Welcome to my thoughts!
This is a space to place thoughts that would look too out of place on the regular blog. Unfinished thoughts, initial takes, and personal posts are placed here.
Cryptocurrencies
crypto
finance
Crypto is a very promising field but the incentives in the system make it gravitate towards fraud and scams more than other emerging technologies.
- There are some legitimate use cases where it can (but does not currently) provide a better economic value than centralized counterparts, such as market-making, contract enforcement, and (to an extent) privacy. I try to find and invest in these projects.
- I abhor the fact that the silliness, tech-forwardness, and gambling-esque nature of some platforms (especially NFTs) allow people to handwave away the seriousness of fraud, theft, and money laundering. Economic violence can just be as damaging as physical violence.
- Example: significant amounts of activity on crypto exchanges is wash trading, which is illegal and skews volume information in traditional markets. (Cong et al. 2019)
- I worry that increased mainstream adoption will exacerbate inequalities between the haves and the have-nots, as it becomes very easy to take advantage of uninformed market participants due the lack of regulation.

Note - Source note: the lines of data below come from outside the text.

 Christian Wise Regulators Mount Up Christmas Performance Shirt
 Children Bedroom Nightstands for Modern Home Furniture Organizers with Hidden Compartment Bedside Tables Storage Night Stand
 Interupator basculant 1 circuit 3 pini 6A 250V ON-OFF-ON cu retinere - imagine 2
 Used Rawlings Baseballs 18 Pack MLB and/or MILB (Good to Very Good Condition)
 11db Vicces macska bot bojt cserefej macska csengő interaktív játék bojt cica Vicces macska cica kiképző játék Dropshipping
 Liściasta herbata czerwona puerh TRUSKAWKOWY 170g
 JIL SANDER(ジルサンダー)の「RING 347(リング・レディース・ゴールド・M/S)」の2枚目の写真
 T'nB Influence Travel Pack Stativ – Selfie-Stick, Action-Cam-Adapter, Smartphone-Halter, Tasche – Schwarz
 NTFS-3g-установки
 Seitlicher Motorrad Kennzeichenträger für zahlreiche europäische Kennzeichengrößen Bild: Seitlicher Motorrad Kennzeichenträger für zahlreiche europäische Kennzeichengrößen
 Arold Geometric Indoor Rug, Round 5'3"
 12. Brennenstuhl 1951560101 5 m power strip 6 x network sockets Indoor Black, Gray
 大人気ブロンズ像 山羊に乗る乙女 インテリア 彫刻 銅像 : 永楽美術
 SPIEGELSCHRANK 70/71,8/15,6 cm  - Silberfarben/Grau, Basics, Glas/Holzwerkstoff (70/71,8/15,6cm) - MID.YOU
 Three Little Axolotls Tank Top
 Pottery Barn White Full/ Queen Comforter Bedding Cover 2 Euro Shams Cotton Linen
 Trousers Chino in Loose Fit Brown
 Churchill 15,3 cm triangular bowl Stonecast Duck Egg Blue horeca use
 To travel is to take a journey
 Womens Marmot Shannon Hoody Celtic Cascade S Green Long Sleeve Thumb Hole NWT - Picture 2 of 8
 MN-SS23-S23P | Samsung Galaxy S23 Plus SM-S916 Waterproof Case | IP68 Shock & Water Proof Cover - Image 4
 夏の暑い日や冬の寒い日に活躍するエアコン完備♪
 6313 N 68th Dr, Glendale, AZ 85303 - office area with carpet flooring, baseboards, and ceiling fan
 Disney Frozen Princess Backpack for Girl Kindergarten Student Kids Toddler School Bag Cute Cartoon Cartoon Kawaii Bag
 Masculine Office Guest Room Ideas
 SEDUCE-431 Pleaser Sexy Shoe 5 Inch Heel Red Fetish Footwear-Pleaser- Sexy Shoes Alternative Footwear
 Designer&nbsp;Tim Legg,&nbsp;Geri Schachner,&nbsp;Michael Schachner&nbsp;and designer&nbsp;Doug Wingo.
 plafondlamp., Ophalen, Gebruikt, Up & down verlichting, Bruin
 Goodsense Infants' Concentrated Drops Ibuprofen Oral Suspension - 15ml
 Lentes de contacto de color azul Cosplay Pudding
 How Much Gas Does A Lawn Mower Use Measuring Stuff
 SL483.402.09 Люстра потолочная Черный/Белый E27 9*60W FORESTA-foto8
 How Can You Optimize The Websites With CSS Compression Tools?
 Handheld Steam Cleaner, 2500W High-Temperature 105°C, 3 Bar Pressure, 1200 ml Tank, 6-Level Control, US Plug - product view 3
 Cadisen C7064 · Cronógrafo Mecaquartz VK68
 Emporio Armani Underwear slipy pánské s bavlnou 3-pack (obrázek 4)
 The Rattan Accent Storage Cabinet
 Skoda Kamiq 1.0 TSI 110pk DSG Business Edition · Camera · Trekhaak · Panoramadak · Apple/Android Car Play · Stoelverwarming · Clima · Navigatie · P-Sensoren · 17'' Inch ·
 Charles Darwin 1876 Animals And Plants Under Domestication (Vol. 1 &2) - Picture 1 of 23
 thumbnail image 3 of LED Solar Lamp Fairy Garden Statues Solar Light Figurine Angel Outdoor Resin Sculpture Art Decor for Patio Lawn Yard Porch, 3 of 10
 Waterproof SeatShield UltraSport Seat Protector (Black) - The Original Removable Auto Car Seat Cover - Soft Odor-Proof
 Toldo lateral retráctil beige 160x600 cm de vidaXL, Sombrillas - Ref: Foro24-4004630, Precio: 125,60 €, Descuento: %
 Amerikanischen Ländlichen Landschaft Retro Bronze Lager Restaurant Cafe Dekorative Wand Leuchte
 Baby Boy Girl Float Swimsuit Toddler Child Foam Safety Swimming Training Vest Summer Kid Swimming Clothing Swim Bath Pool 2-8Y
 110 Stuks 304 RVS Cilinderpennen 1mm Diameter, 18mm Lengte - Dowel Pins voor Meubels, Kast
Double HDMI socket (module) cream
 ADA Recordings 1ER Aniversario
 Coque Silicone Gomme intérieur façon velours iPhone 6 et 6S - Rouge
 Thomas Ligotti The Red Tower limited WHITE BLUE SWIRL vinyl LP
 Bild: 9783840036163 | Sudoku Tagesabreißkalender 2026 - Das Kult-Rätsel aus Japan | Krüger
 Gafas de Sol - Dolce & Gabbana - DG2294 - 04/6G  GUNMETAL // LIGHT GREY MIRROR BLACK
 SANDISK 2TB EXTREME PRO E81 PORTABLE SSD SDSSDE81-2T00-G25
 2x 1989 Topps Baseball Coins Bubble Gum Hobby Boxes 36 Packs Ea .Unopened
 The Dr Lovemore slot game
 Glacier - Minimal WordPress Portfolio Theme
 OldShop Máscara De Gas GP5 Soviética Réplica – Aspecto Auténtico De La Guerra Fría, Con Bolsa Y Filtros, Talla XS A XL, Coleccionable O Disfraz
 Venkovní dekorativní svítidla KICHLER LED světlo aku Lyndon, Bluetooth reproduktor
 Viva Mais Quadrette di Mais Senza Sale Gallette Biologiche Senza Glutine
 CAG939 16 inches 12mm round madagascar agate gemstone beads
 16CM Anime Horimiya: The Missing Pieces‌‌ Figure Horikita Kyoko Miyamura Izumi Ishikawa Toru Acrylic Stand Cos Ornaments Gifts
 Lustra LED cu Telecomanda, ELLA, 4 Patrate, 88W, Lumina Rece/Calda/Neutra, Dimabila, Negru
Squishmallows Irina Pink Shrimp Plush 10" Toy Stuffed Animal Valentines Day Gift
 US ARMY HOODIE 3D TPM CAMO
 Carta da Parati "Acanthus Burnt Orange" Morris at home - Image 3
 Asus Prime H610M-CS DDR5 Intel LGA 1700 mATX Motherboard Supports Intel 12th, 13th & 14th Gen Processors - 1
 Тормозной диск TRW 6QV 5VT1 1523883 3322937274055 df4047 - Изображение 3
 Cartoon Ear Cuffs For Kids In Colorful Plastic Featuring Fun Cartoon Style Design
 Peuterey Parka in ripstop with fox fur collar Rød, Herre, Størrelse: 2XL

- People can have extremely liberal views in “real-life” but extremely libertarian (even anarchistic) views in crypto-land. Similarly, people can have very Keynesian economic views but subscribe to Bitcoin which is effectively the gold standard. The dissonance is palpable.
- Reversibility of transactions (righting economic wrongs), fixing hacks and fatal flaws in a decentralized blockchain, and the whole idea of a stable, usable currency, are not yet realized. There’s a lot of activity on the 3rd but feedback loops are too slow on 1st and 2nd.